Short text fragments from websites
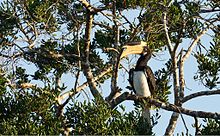 General knowledge about Malabar pied hornbill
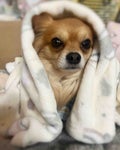 みん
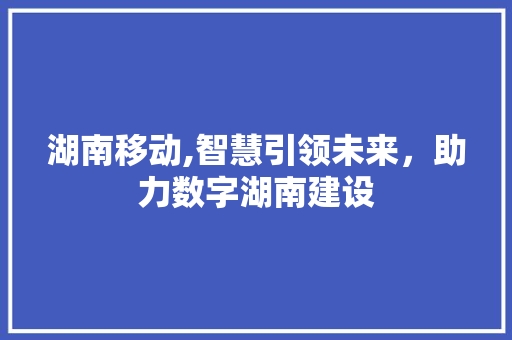 湖南移动,智慧引领未来，助力数字湖南建设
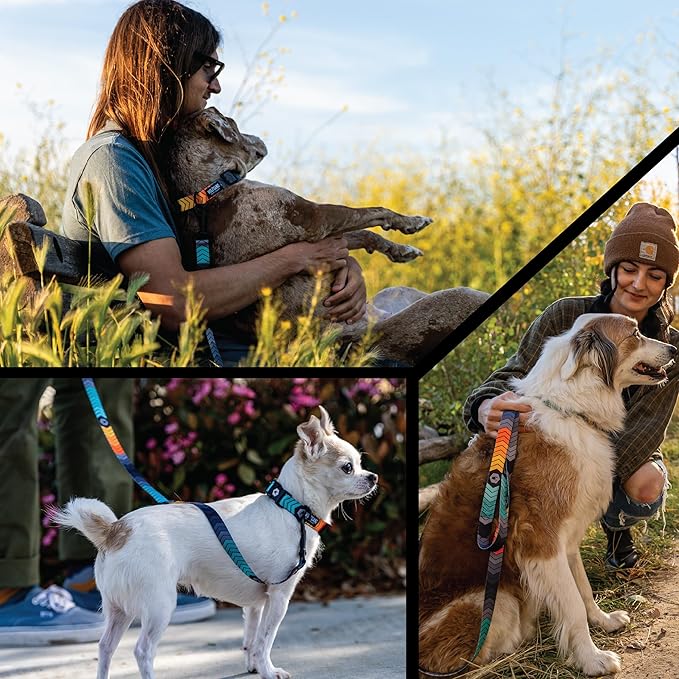 Wolfgang Heavy Duty Martingale Dog Collar with Quick Release Nylon Buckle for Walking & Training, ChevTech Print, Large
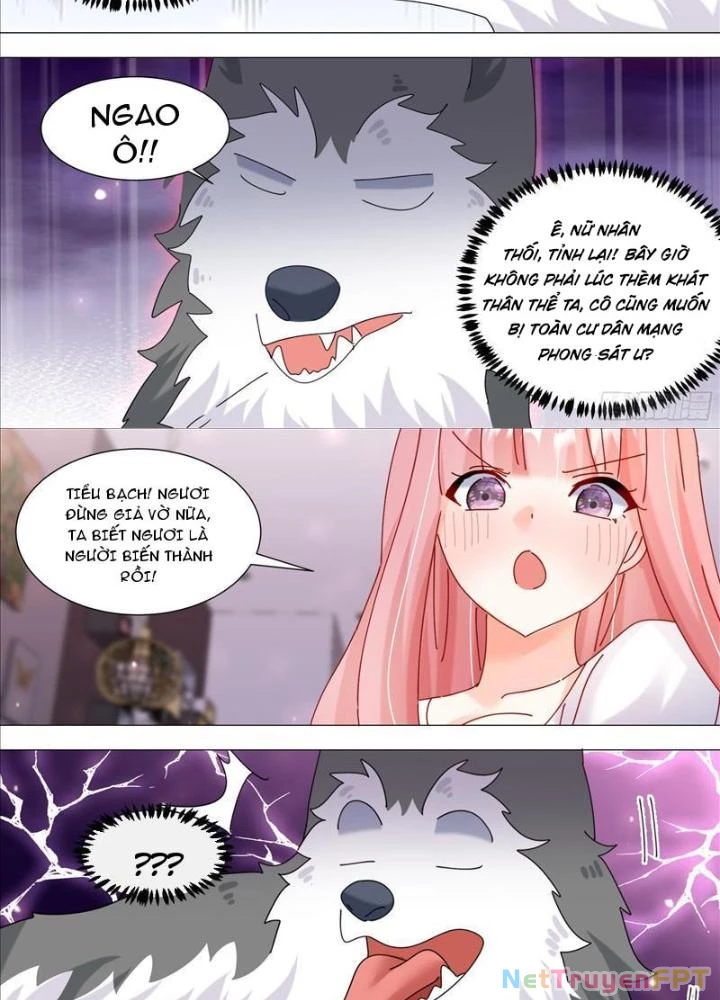 Trọng Sinh Thành Chó Của Nữ Thần Chapter 379 - Trang 2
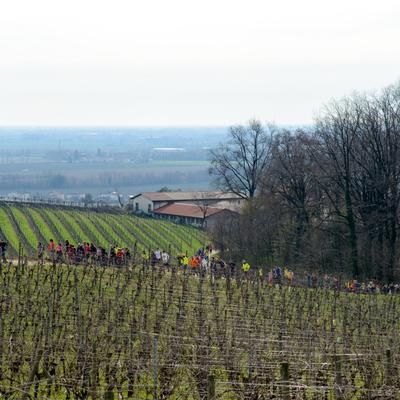 DSC_3794.jpg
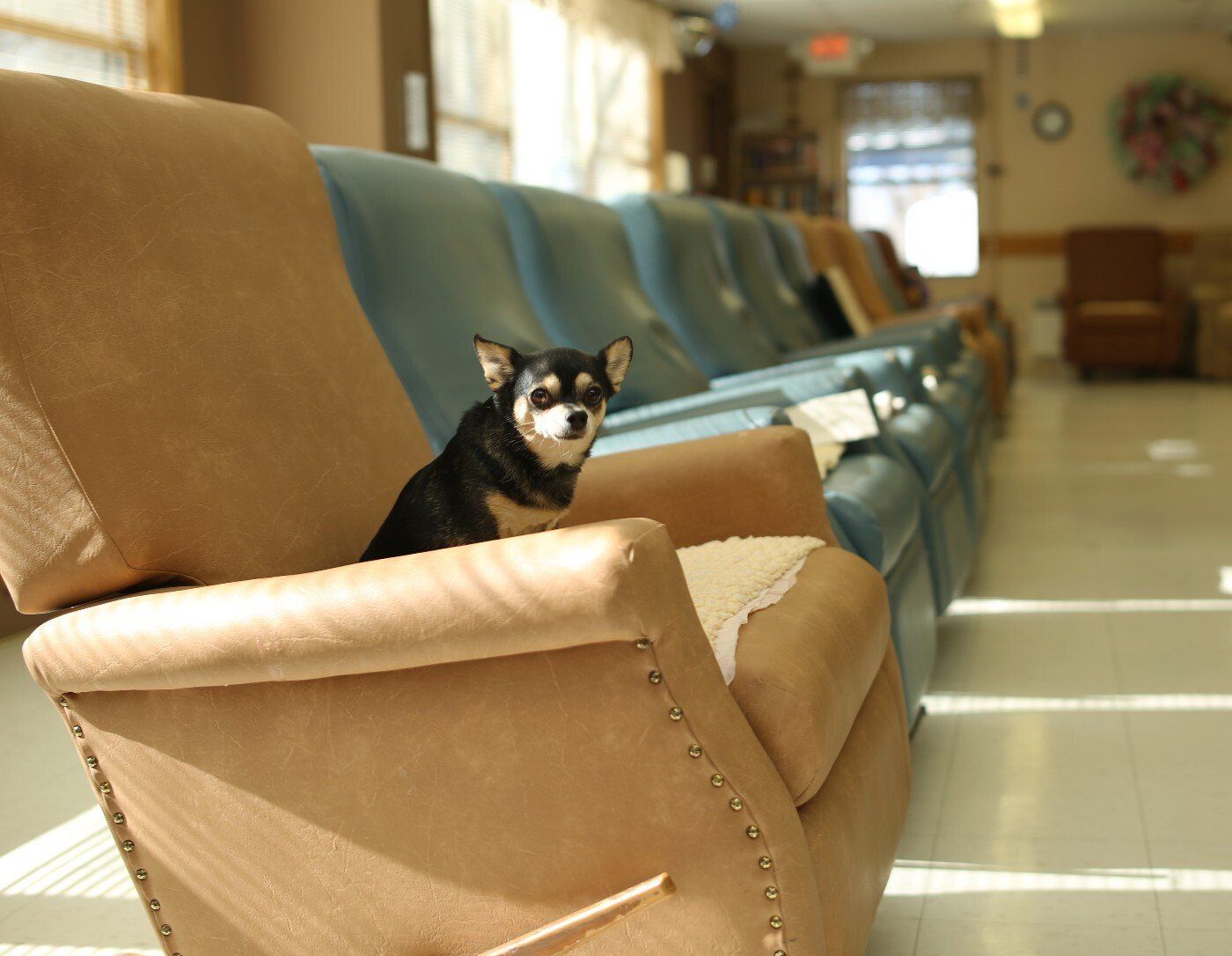 Dog On A Chair - Springer, NM - South Central Colfax County Special Hospital District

* _EXERCISE DIRECTIONS_: Exactly the lines from the one that contains "DSC_3794.jpg" through the last line of the records should be set down, and the pictures should be dropped.

* _ANSWER FOR THE TASK_:
 DSC_3794.jpg
 Dog On A Chair - Springer, NM - South Central Colfax County Special Hospital District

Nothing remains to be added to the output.